_Directions_: From the records below, copy the lines that include "bedroom".

━━━ Exercise materials ━━━

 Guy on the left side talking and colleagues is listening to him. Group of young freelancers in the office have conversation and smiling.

━━━
━━━ Exercise materials ━━━

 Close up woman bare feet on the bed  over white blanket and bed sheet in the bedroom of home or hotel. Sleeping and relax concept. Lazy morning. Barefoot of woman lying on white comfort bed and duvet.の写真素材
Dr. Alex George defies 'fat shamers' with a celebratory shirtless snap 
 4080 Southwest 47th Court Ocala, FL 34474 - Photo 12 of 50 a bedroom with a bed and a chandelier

━━━
━━━ Exercise materials ━━━

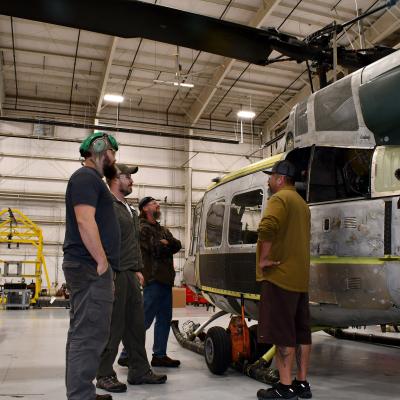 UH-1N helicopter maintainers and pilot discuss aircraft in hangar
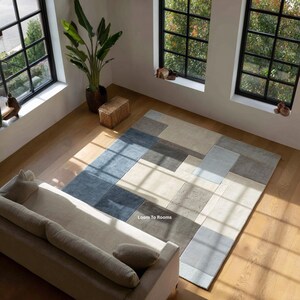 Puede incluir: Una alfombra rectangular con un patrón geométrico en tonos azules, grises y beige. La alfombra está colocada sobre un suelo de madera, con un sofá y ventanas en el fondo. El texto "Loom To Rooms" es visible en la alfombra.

━━━

_Exercise response_:
 Close up woman bare feet on the bed  over white blanket and bed sheet in the bedroom of home or hotel. Sleeping and relax concept. Lazy morning. Barefoot of woman lying on white comfort bed and duvet.の写真素材
 4080 Southwest 47th Court Ocala, FL 34474 - Photo 12 of 50 a bedroom with a bed and a chandelier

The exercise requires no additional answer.